§ TASK DIRECTIONS
Reproduce the material below only from the line with "Buy this 3 bed" to the line with "FORD Ranger Wildtrak", both included, keeping each line exact and dropping the pictures.

§ RECORDS FOR THE TASK
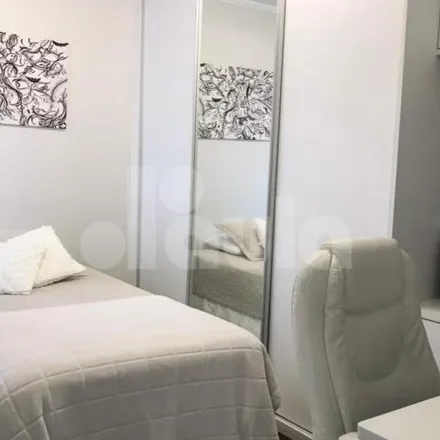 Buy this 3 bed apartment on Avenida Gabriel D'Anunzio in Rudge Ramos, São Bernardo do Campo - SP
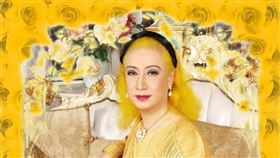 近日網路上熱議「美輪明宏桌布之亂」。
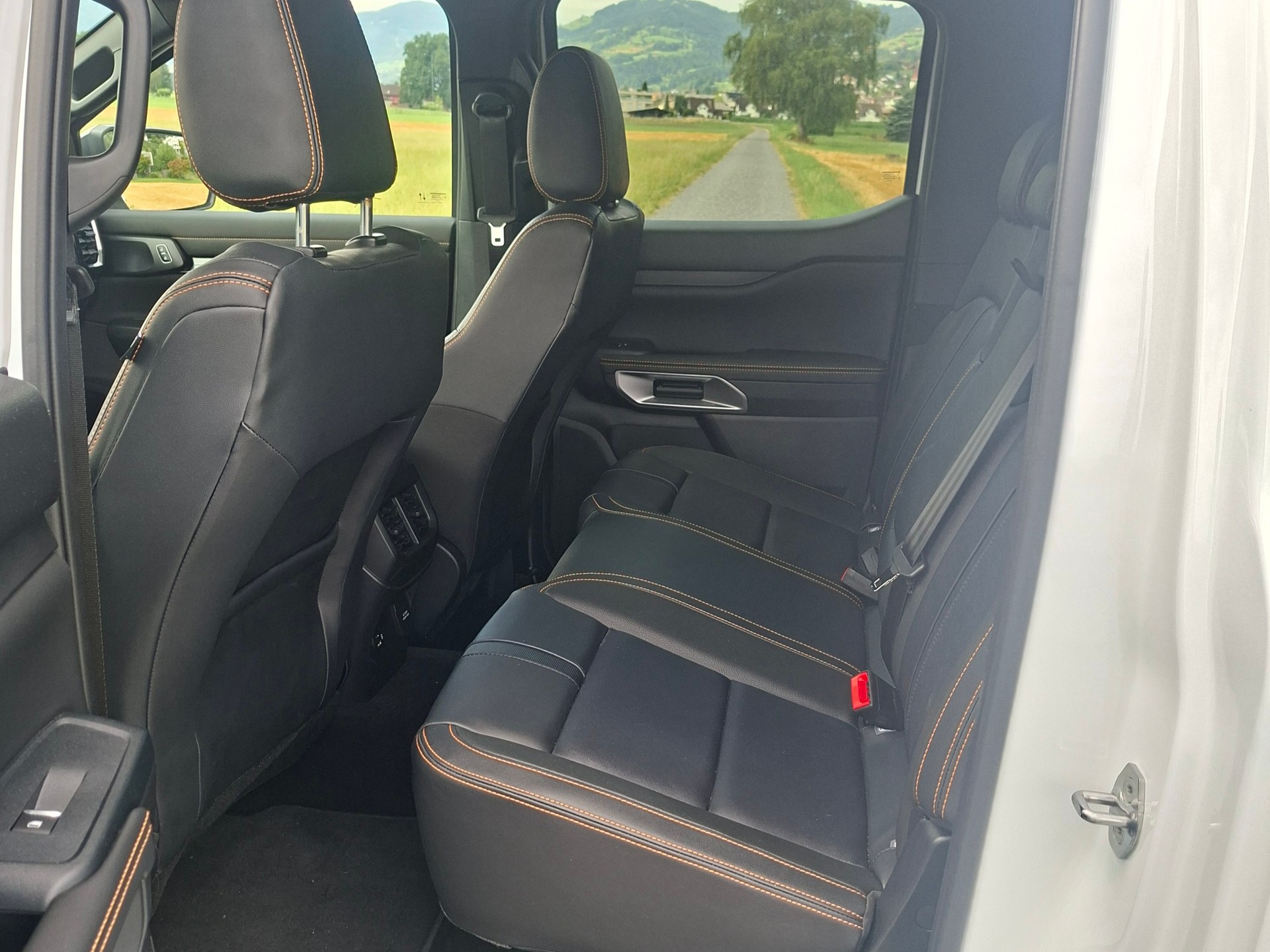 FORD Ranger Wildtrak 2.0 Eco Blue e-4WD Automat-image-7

...

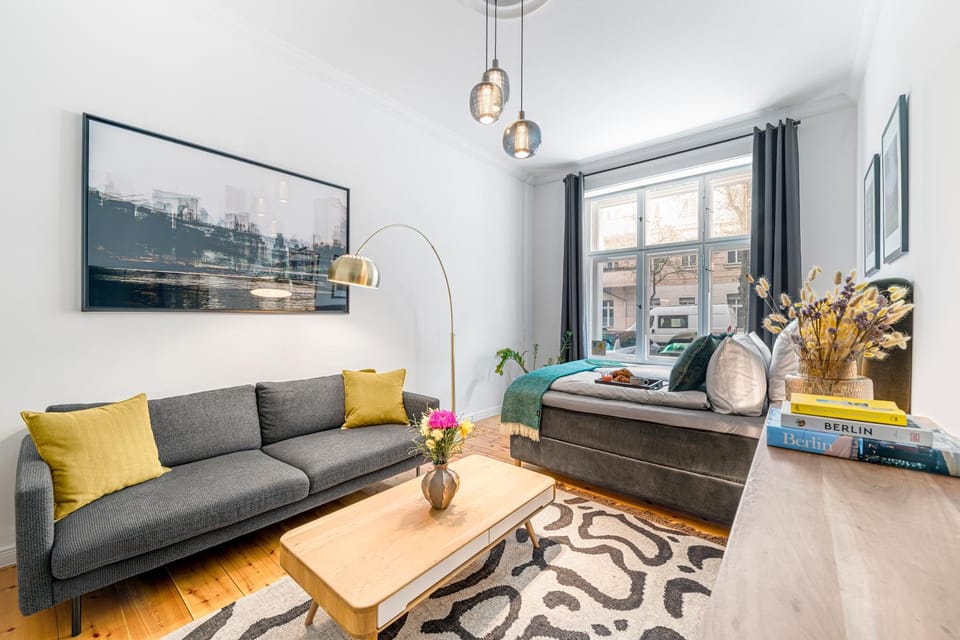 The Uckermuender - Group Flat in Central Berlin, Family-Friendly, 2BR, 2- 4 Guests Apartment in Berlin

§ EXPECTED ANSWER
 Buy this 3 bed apartment on Avenida Gabriel D'Anunzio in Rudge Ramos, São Bernardo do Campo - SP
 近日網路上熱議「美輪明宏桌布之亂」。
 FORD Ranger Wildtrak 2.0 Eco Blue e-4WD Automat-image-7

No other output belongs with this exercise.